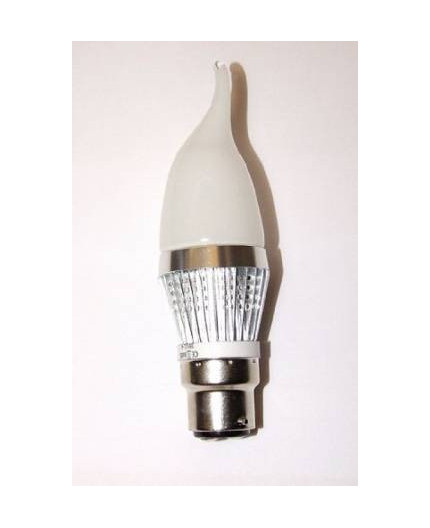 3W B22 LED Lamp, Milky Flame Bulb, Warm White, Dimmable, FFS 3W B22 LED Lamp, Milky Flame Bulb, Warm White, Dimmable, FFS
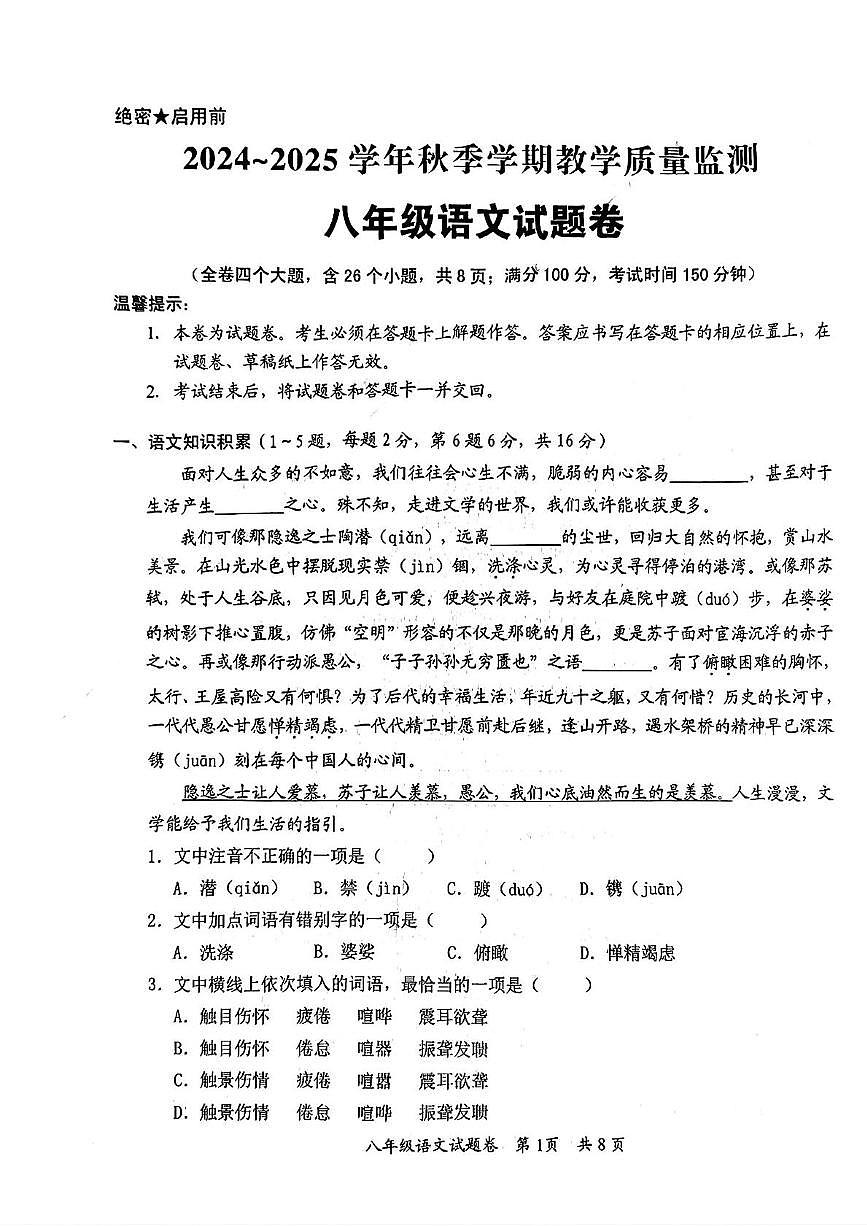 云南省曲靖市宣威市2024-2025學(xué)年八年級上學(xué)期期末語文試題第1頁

- - - - - - -

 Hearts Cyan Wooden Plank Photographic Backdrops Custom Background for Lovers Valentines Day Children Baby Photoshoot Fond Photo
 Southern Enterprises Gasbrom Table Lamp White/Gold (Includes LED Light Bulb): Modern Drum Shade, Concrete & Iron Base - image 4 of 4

- - - - - - -

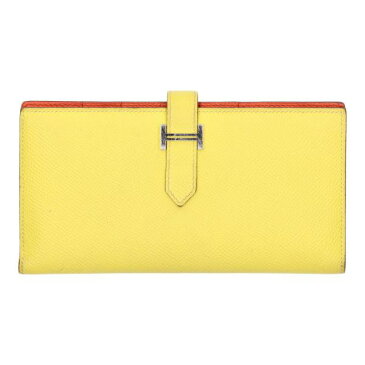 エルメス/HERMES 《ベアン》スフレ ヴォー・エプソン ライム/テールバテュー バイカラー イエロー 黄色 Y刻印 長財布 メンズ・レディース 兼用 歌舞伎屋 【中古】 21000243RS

- - - - - - -

> Work task:
Each line between the one holding "Dimmable, FFS 3W" and the one holding "云南省曲靖市宣威市2024-2025學(xué)年八年級", inclusive, should be copied exactly as it appears above, and pictures should be omitted.

> Exercise result:
 3W B22 LED Lamp, Milky Flame Bulb, Warm White, Dimmable, FFS 3W B22 LED Lamp, Milky Flame Bulb, Warm White, Dimmable, FFS
 云南省曲靖市宣威市2024-2025學(xué)年八年級上學(xué)期期末語文試題第1頁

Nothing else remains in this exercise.